Aghios Epiktitos Vrysi (also Ayios Epiktitos Vrysi, often shortened to Vrysi ), is an archaeological site in Cyprus that is located 9 km east of Kyrenia on a 9 to 10 m high cliff. This site was discovered between 3800 and 4400 BC and is the Ceramic Neolithic of the island.   The site consists of at least 15 houses on an area of over 600 m^{2}, with undercutting and subsequent demolitions that have continuously reduced the area. At the beginning, the size of the site was estimated to be more than half a hectare . In 1969-1973, Edgar J. Peltenburg was the head of the mining that was carried out there.

During the mining, some builders drove their dwellings down to a depth of 7 m, so that circular pits were created in the site, which had an average area of 14 m^{2}. Very similar to those of Sotira. They placed fireplaces and raised berths, benches, and seats on the walls and places created. The same tasks were apparently performed over and over again. The village created was practically invisible from the sea and had a 5-meter-high wall, which separated the ledge from the coastal plain, and was covered by a ditch up to 7 m wide and 4.5 m deep.

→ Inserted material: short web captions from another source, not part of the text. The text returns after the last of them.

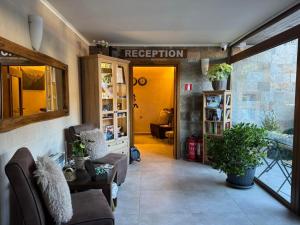 a living room filled with furniture and a yellow door at St Trifon Guests Apartments in Pamporovo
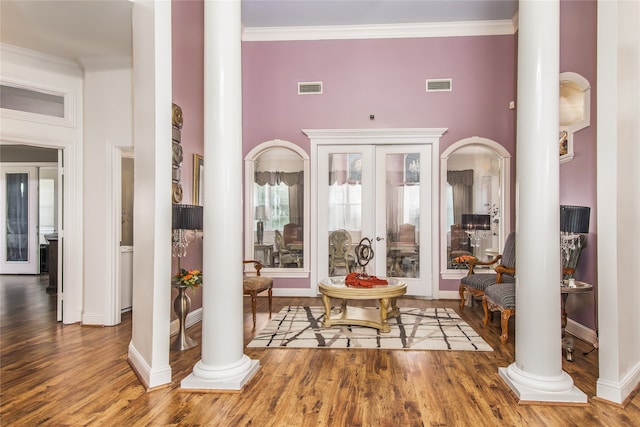 foyer entrance featuring a high ceiling, french doors, hardwood / wood-style flooring, and decorative columns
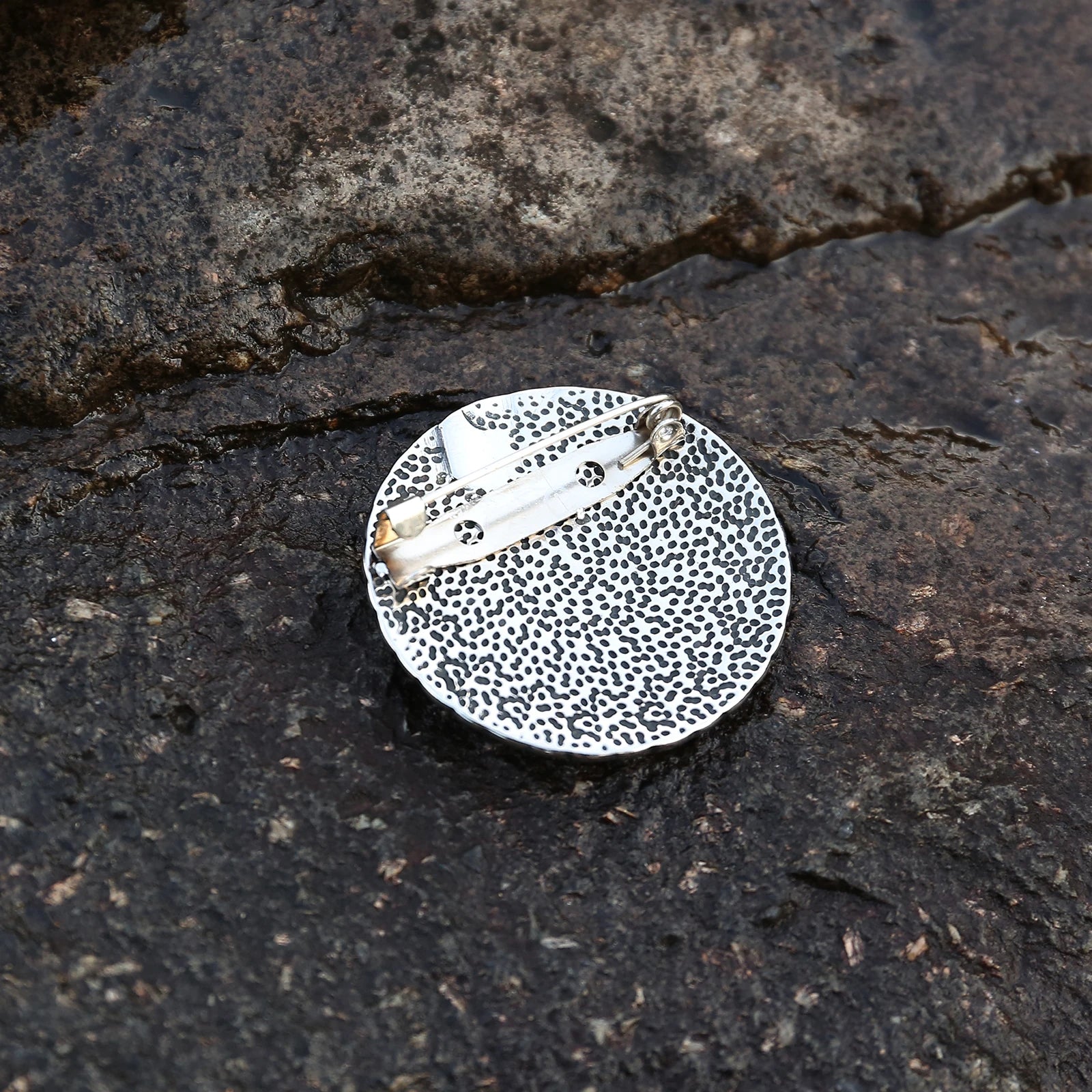 Brooch with Norse-inspired Vegvísir guidance symbol.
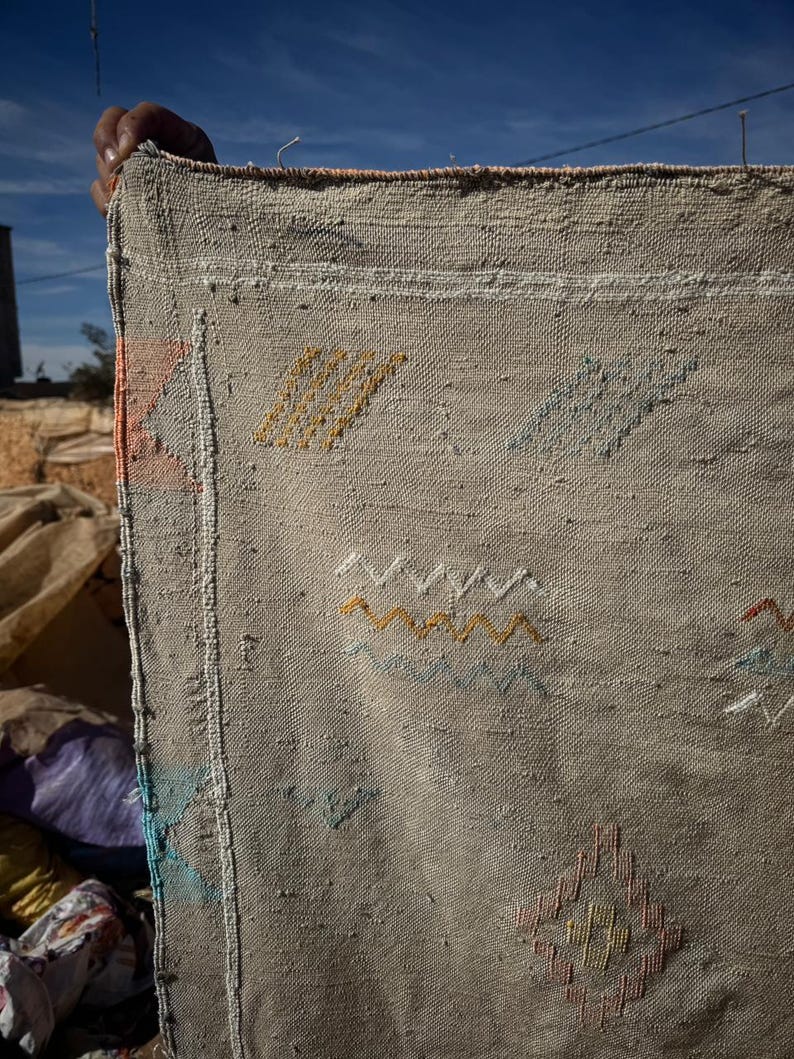 May include: A beige woven textile with colourful embroidered geometric patterns. The textile is held up against a blue sky, showcasing the intricate details of the design. The embroidery includes yellow, orange, and blue accents.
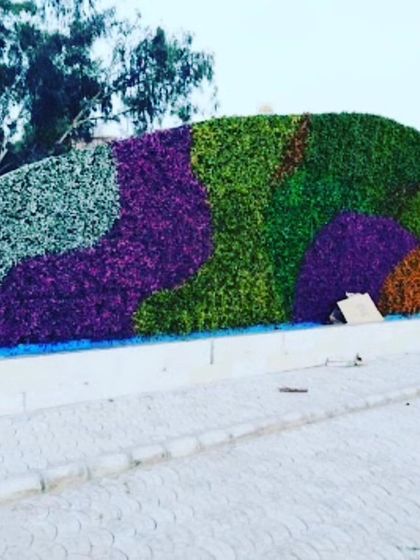 A large-scale custom art installation in the shape of a reclining figure. I used different colors of artificial foliage including green, purple, and orange to create this unique outdoor sculpture.
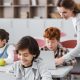Teacher-helping-schoolboy-working-on-laptop-during-lesson-blurred-background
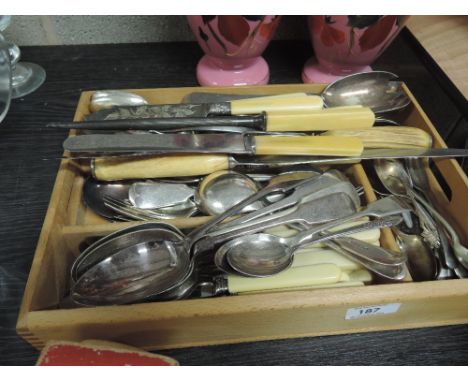 A vintage cutlery tray and contents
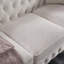 Canapé Chesterfield en tissu beige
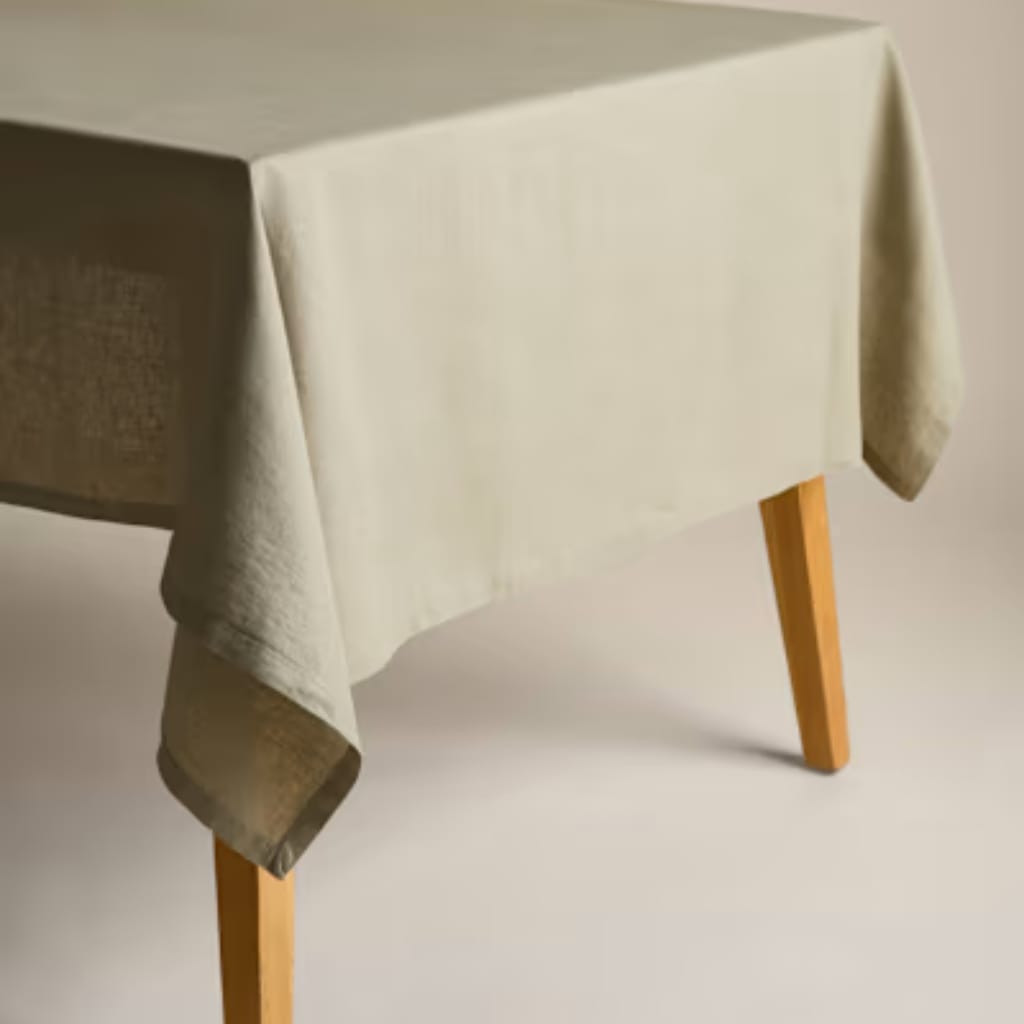 A close-up view of a table covered with an off-white or cream-colored tablecloth that drapes over the edges, with one of the table's legs visible, made of light-colored wood, against a plain neutral background.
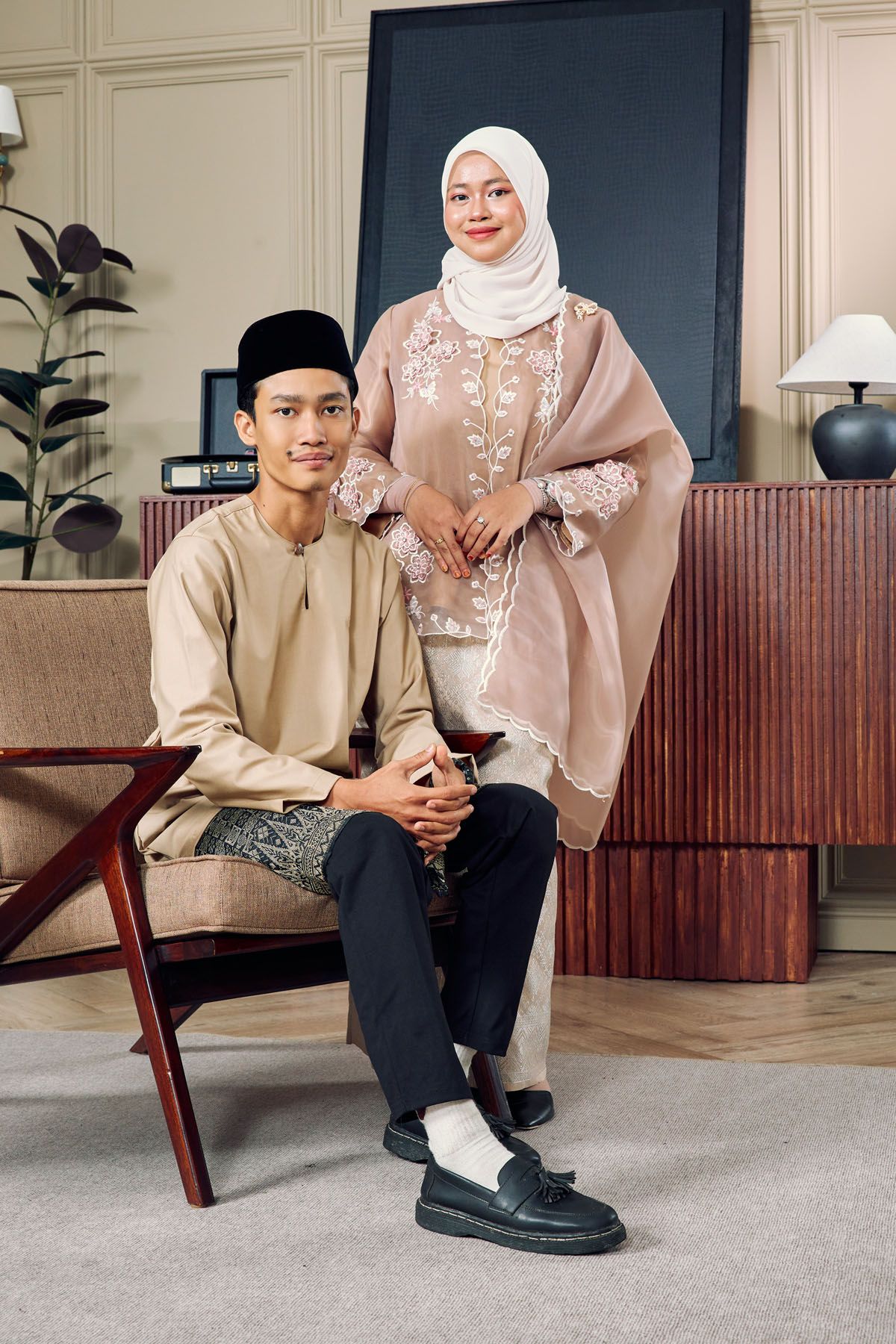 Young Malaysian couple in beige and blush traditional Malay outfits posing in modern interior setting.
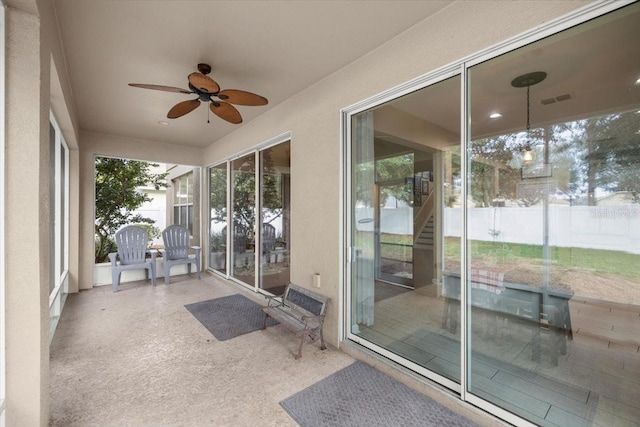 unfurnished sunroom with ceiling fan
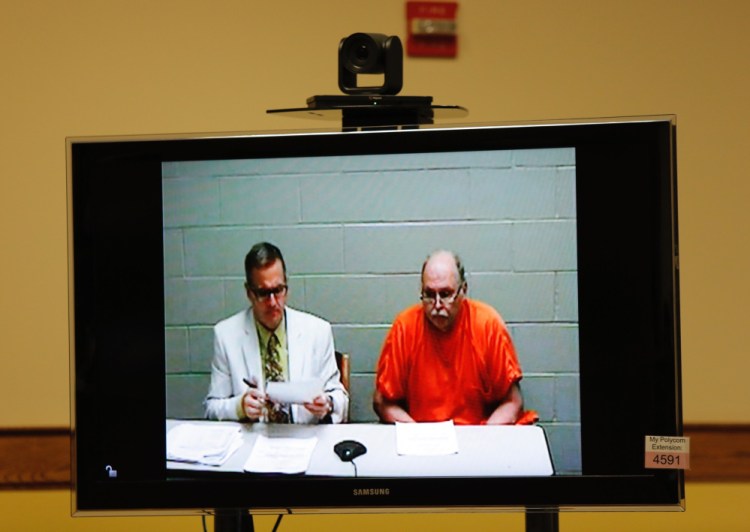 Old Orchard Beach Fire Chief Ricky Plummer, accused of arson, appears on screen Monday during a video appearance at Springvale District Court. With him is attorney B.J. Broder.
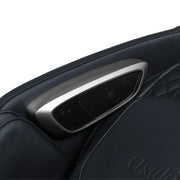 Close-up of a built-in speaker on the armrest of the Osaki 4D+3D Bravo Duo Flex massage chair, seamlessly integrated into its quilted, dark leather design and encased in a sleek metallic frame.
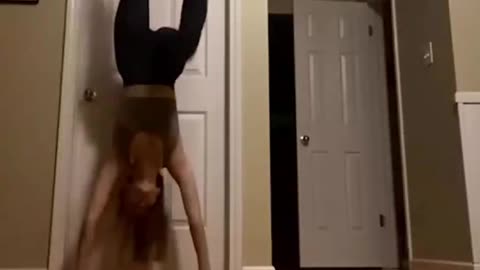 chick tries a hand stand against door and she falls flat on her back.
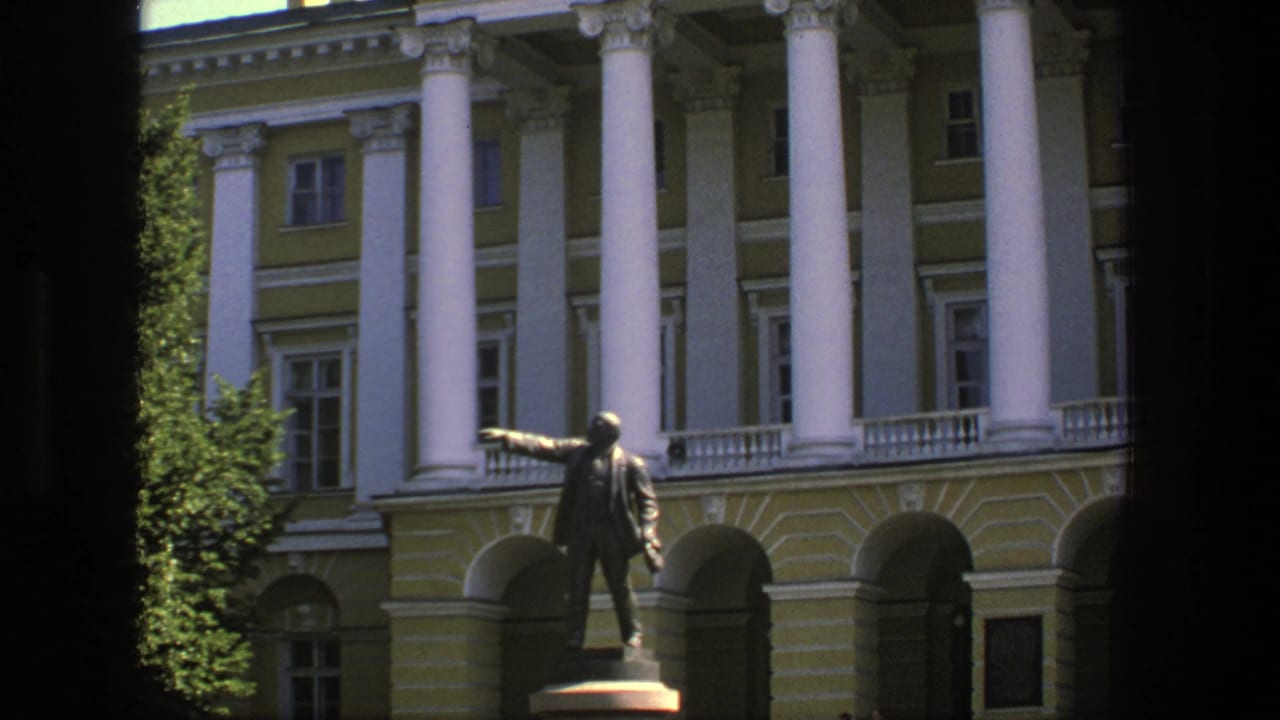 Columned yellow building with arched entries and a statue of a pointing man.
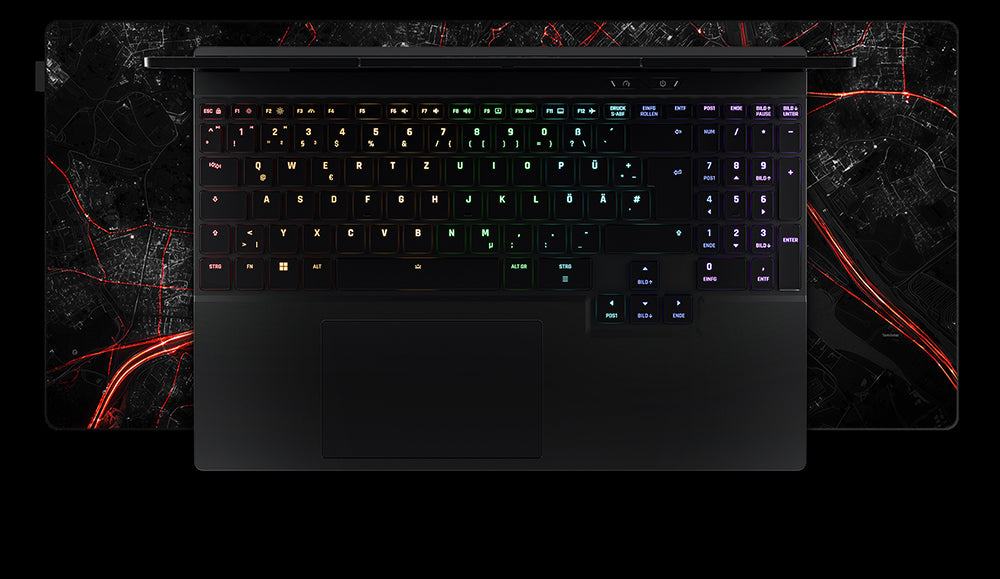 Draufsicht auf die RGB-Tastatur und das Touchpad eines XMG Laptops auf einem großen Gaming-Mauspad mit rotem Stadtkarten-Design.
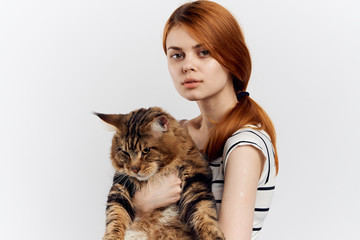 Beautiful woman on a white background holds a cat, portrait, pets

The interior was accessed via a thatched roof, whereby the rooms became more and more spacious over time, and they increased to 3 m above ground and had 60 cm thick outer walls. On average, the rooms were 2.00 to 2.70 m high. The narrow paths between the rooms were paved with gravels.

The people there lived from the division of labor and built their own craftsmen's houses. The basis of the economy was hunting for mammals, turtles, fish, and birds, and the agriculture and livestock was farming (sheep, pigs, goats, dogs, cats), but also handicrafts. The nearby plain offered olive groves and allowed the establishment of wheat,  barley, and oat fields. Wine was also cultivated. The unusual density of the sheep and goat population as well as a considerable number of different awls and needles testify to a developed textile processing, the products of which were apparently traded and bartered outside the village.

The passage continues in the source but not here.